Active Watches or Warnings

Thursday, October 1, 2015

Models moving away from a Joaquin land fall?

Beginning with last night’s late evening GFS model update (and continuing now with the early morning update), Joaquin is now being shown as staying well offshore and heading almost due north towards New England, which is a pretty dramatic departure from what the GFS has been showing for the last week or so. Why the change? In the image below, we have that trough in the jet stream (outlined by the black line) I had mentioned. That trough was supposed to “capture” Joaquin and draw it northwestward (motion indicated by the blue arrow; Joaquin is circled in red) towards the coast.

gfs_z500_vort_us_9

In the last two GFS runs, Joaquin manages to escape the grip of that trough and instead of getting drawn in/scooped up and pushed towards the coast, Joaquin goes around the trough and heads north, then eventually northeast out to sea.
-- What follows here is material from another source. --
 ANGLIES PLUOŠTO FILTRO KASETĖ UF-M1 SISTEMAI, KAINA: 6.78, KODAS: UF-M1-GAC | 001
Is this idea correct? I’m not so sure. It doesn’t really make a lot of sense to me as to why Joaquin would be able to evade such a strong looking trough. Plus, I have seen many times in the past where a model that was consistently showing one idea, suddenly reverses course for one or two runs and then ends up going back towards its original idea. So, I will need to see the next few updates from the GFS (this afternoon and evening) before I can say for sure if this change is for real.

Bottom line: ridiculous amounts of rain are still coming, regardless of whether Joaquin comes our way or not.